Kebijakan sistem pembayaran diupayakan untuk mendukung pertumbuhan ekonomi melalui perluasan penggunaan pembayaran digital serta penguatan infrastruktur dan konsolidasi struktur industri sistem pembayaran.
“Arah bauran kebijakan moneter, makroprudensial, dan sistem pembayaran untuk menjaga stabilitas dalam rangka memperkuat pertumbuhan ekonomi yang berkelanjutan tersebut didukung dengan berbagai langkah kebijakan,”
ungkap Perry.
BI juga mengimplementasikan kebijakan untuk memperkuat strategi stabilisasi nilai tukar rupiah yang sesuai fundamental, terutama melalui intervensi transaksi Non-Deliverable Forward (NDF) di pasar luar negeri serta transaksi spot dan Domestic Non-Deliverable Forward (DNDF) di pasar domestik.

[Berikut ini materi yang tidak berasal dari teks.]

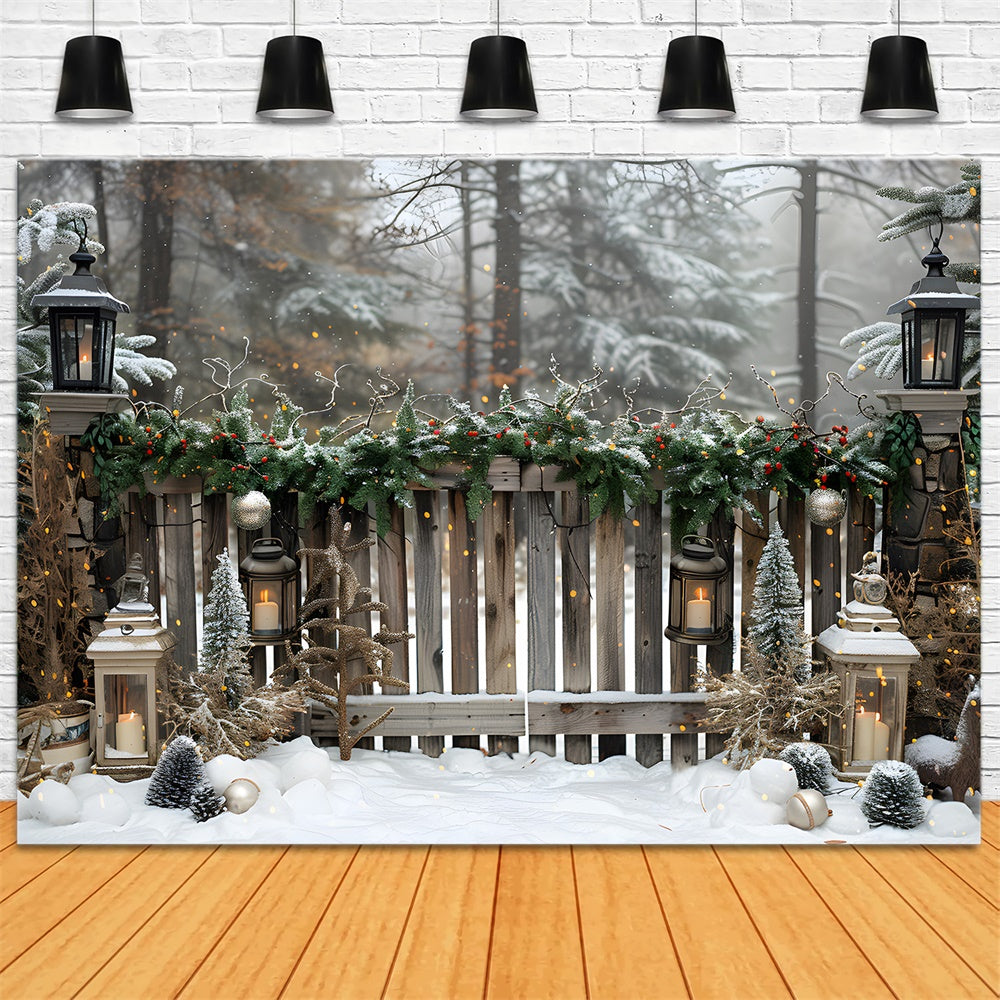 Christmas Snowy Forest Wood Fence Backdrop UK RR8-5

“Strategi ini disertai dengan pembelian Surat Berharga Negara (SBN) di pasar sekunder untuk menjaga stabilitas pasar keuangan,”
ujar Perry.
Selain itu, BI mengembangkan kebijakan untuk memperkuat strategi operasi moneter yang pro-market agar dapat meningkatkan efektivitas transmisi penurunan suku bunga, menjaga kecukupan likuiditas, mempercepat pendalaman pasar uang dan valuta asing, serta merangsang aliran masuk modal asing.
Perry menjelaskan, kebijakan ini dilakukan dengan dua cara utama. Pertama, pengelolaan struktur suku bunga instrumen moneter dan swap valas yang dirancang untuk memperkuat efektivitas penurunan suku bunga sambil menjaga daya tarik aliran masuk portofolio asing ke aset keuangan domestik.

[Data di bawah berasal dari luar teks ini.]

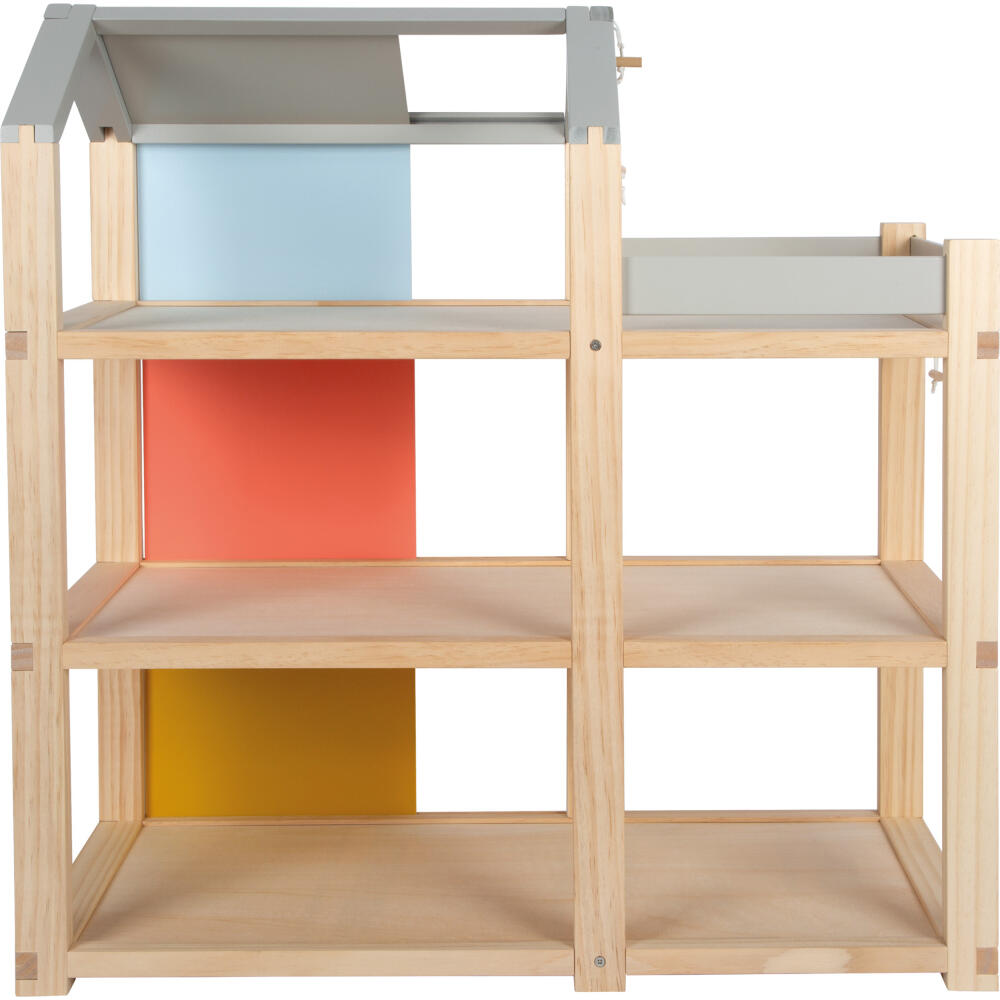 Legler Small Foot Puppenhaus Natur mit Möbeln, Spielhaus, ab 3 Jahre, Holz, Bunt, 12541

Kedua, memperkuat strategi lelang Sekuritas Rupiah Bank Indonesia (SRBI) dan pembelian SBN di pasar sekunder untuk menjaga kecukupan likuiditas di pasar uang dan perbankan.

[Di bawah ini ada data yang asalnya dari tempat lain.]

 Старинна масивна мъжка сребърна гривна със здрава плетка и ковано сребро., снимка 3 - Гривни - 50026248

Ketiga, memperkuat peran dealer utama guna meningkatkan transaksi SRBI di pasar sekunder dan transaksi repurchase agreement (repo) antar pelaku pasar.
“Bank Indonesia juga melakukan langkah-langkah kebijakan lainnya termasuk penguatan publikasi asesmen transparansi Suku Bunga Dasar Kredit (SBDK), hingga perluasan akseptasi digital melalui akselerasi persiapan implementasi QRIS Antarnegara,”
tutur Perry.
Dia menambahkan bahwa BI juga memperpanjang kebijakan tarif Sistem Kliring Nasional Bank Indonesia (SKNBI) dan kebijakan Kartu Kredit (KK) hingga 31 Desember 2025. Tarif SKNBI adalah Rp1 dari BI kepada bank dan tarif maksimum Rp2.900 dari bank kepada nasabah.
Untuk kebijakan kartu kredit, batas minimum pembayaran yang ditetapkan bagi pemegang kartu adalah 5 persen dari total tagihan dan kebijakan denda keterlambatan maksimum 1 persen dari total tagihan serta tidak boleh melebihi Rp100.000.